Turkey’s foreign trade deficit drops by 15.4 pct upon fall in oil imports, rise in exports to EU
ISTANBUL – Reuters
DHA PhotoTurkey’s foreign trade deficit has fallen 15.4 percent to $84.5 billion in 2014, due to a rise in exports to the EU, dramatic decrease in gold imports and plunging oil prices, according to data released by Turkish Statistics Institute (TÜİK) on Jan. 30.
Turkey’s exports increased to $157.72 billion in 2014 by a 3.9 percent of increase from the previous year, the all-time highest in the country. The country’s imports decreased to $242.22 billion in 2014 by a 3.7 percent of decrease from the previous year.

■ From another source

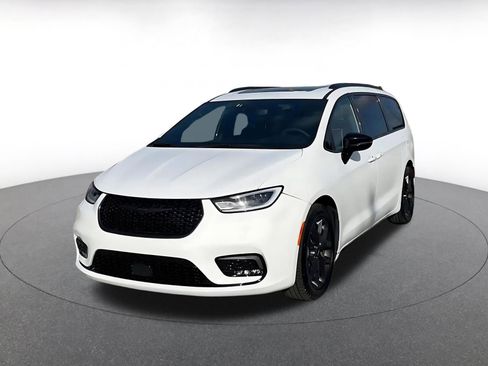 Used 2025 Chrysler Pacifica Limited image 7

The export target for 2014 was announced as $160.5 billion, for imports as $244 billion and for trade deficit as 83.5 billion in the Medium-Term Economic Plan.
The deficit was announced at $8.5 billion for December 2014 with a 14.6 percent decrease from the same period of the previous year, parallel with the expectations, according to the TÜİK data.
Turkey’s exports increased by 1.2 percent in December 2014 to $13.33 billion from the previous period and imports decreased to $21.83 billion with a 5.6 percent decrease.
Exports to the EU increased by 1.8 percent to $5.4 billion, increasing the share of the EU countries in total exports to 40.2 percent in December 2014 from 40 percent in December 2013.
Turkey’s main exports market was Germany in December with $1.2 billion, followed by Iraq with $1.1 billion, the U.K. with $763 million and the U.S. with $722 million.
Turkey’s imports from China stood at $2.3 billion in December, followed by Germany with $2.2 billion, Russia with $2.1 billion and the U.S. with $1.1 billion.
Turkey’s energy imports decreased to $4.43 billion in December 2014 by 15.2 percent from the previous year. The country’s energy imports fell to $54.91 billion in 2014 by a 1.8 percent decrease from the previous year. Analysts expect more decrease in Turkey’s energy imports in value in 2015 due to the decreasing trend in oil prices.